Palavras-chave: Ética; Responsabilidade; Hans Jonas; Civilização Tecnológica.


“Se ages contra a justiça e eu te deixo agir, então a injustiça é minha”

Mahatma Ghandi

É possível uma nova ética para a atual civilização tecnológica? Sim, é a resposta de Hans Jonas, cuja argumentação será discutida nesta análise crítica que ora se apresenta.


1. Sua importante formação

Alemão de Mönchengladback, Hans Jonas nasceu em 1903 e viveu até 1993, quando faleceu em Nova Yorque, nos Estados Unidos. De origem judia, teve o período inicial de sua formação humanística na leitura atenta dos profetas hebreus. Três podem ser os momentos marcantes de sua formação filosófica.

O primeiro tem início em 1921 quando, ainda recém-formado, freqüentava, na Universidade de Freiburg, as aulas de Heidegger. Segundo o próprio Jonas, este foi, por muito tempo, seu mentor intelectual.

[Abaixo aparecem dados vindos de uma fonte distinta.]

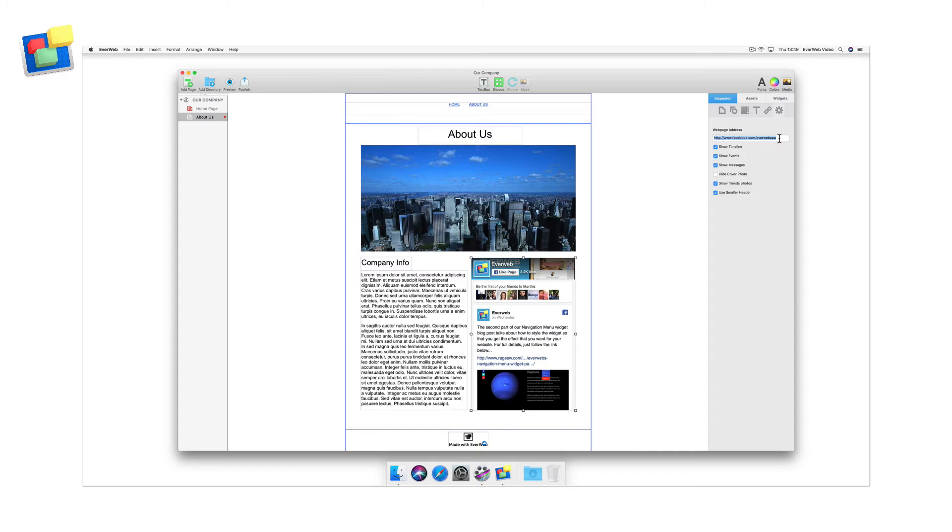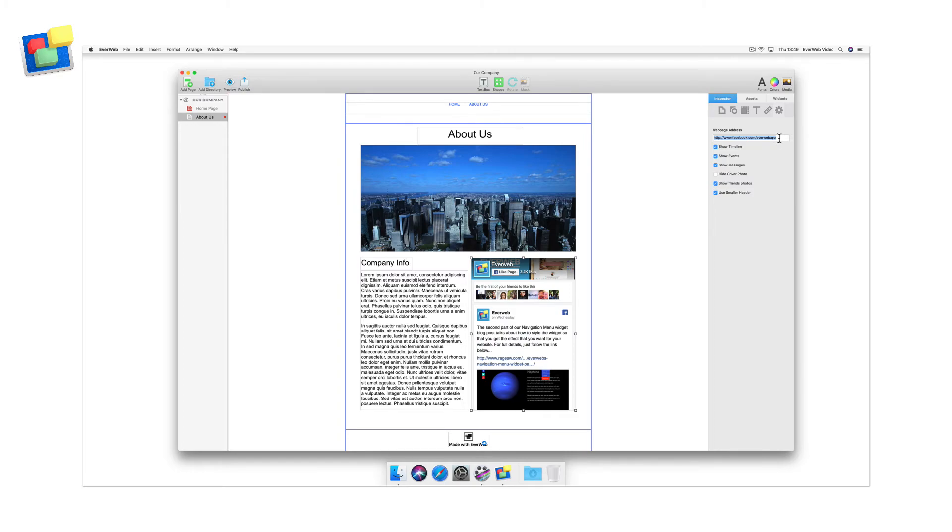The easiest way to do this is to go directly to your Facebook page and copy the URL from the search bar in your browser to the clipboard. Once you've done this, paste the URL from the clipboard into the widget's webpage address field.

Em 1924 Heidegger transfere-se para a Universidade de Marburg e Jonas o acompanha. Lá conhece Rudolf Bultmann, e sob sua orientação elabora uma tese sobre a gnose no cristianismo primitivo que é apresentada em 1931. Como decorrência desse trabalho inicial publica, em 1934,  o célebre "Gnosis und spätantiker Geist", considerado pelo próprio Jonas seu primeiro grande momento como filósofo. Nesse mesmo ano, no entanto, Jonas se vê obrigado a abandonar a Alemanha em função da ascensão do nazismo ao poder.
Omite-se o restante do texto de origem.